My own vegetable garden was quite abundant this year as I look back, with some notable successes and only a few failures. I had my best crop of bell peppers ever, with both “New Ace” and “Lady Bell” producing almost equal, bumper crops. A total of only seven plants (cut worm got the eighth one) yielded more than 50 full size fruit. I tried cutting the surplus into strips and flash freezing them, but the taste and texture of the frozen peppers when thawed, was pretty terrible. They were slimy and bitter even when I cooked them in a stew.
My 2019 potato crop was disappointing. I harvested my best potatoes from plants that “volunteered” from the 2018 garden. I never seem to dig all the potatoes in any given year, so I hope I missed some this year also. I planted sweet corn, but it only came up spotty and a second planting was not much better. I did not harvest any ears from the stunted plants at all. Sweet corn is perhaps my favorite vegetable, but the local growers do a much better job and I was content to buy it from roadside stands. I did not grow any summer squash or zucchini, due to space constraints and fear of squash bugs.
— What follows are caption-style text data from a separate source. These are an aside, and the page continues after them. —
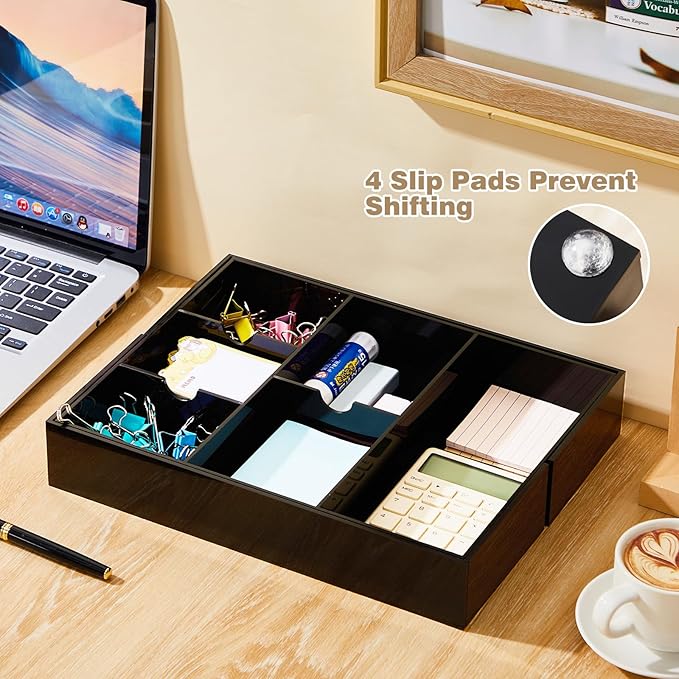 1 PC Acrylic Desk Drawer Organizer 2 Inch Height Expandable Drawer Organizer Trays with 8 Adjustable Compartments Desk Accessories for Makeup Silverware Office Bathroom(Black,Classic)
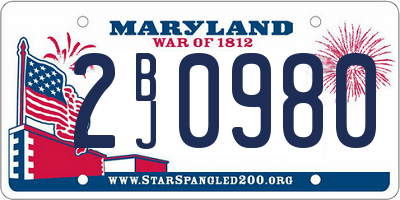 MD license plate 2BJ0980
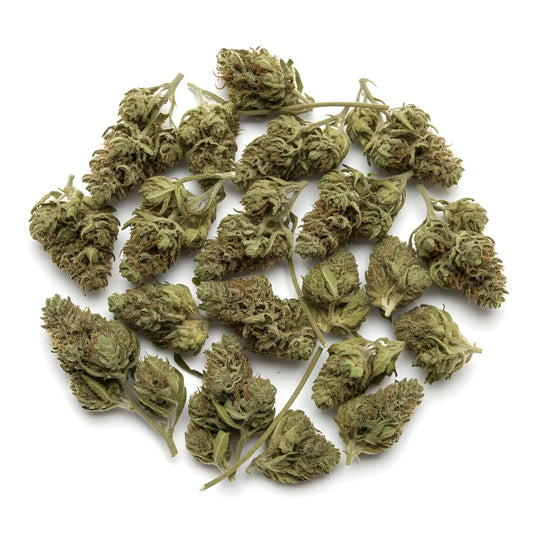 Main product photo of Moonblast THCa hemp flower indica AAA grade, showing dark purple buds coated in shimmering silver trichomes | Hurcann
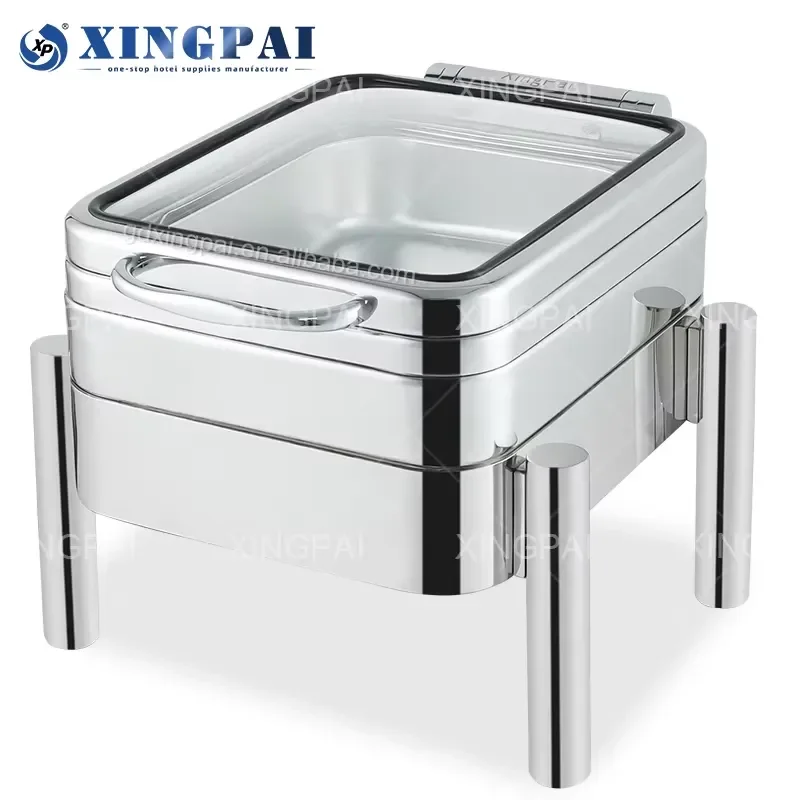 Restaurant Equipment Decorative Fancy Chafing Dish 304 Stainless Steel Hydraulic Chafing Dish Buffet Set with Glass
It has been several years since I grew these, so perhaps next year I will try a hill or two. I planted seeds from leftover, 2018, spaghetti squash and despite the fact that these seeds were not exactly the same as their hybrid parents, they yielded an abundance of tasty fruit, I think I gave away more than a dozen and kept as many myself. My cucumber crop (Marketmore) was excellent and I made an abundance of pickles that I am enjoying now!
I suspect that at least some of my favorite tomato transplants (Big Beef) were either mislabeled at the garden center, or the seed they grew was mislabeled. I grow this variety every year and I am pretty certain that some of my eight plants were NOT Big Beef. I will take this matter up with the garden center next spring. The “Sweet Spanish” onion crop was excellent and all three bean varieties, (Golden Butterwax, Royal Purple Burgundy, and Blue Lake) did very well. “Jade Cross” Brussels sprouts also did very well. My experiment in multi cropping, beets, turnips and carrots seems to have failed, as the nasty tasting and quick growing turnips dominated the others, but I mulched the sparse carrot crop, after pulling the turnips, heavily with straw in hopes that I may harvest some next spring.
Last, but almost most importantly, my garlic (Rioja, Music, Vietnamese, Persian) and my asparagus (Jersey Giant) were outstanding!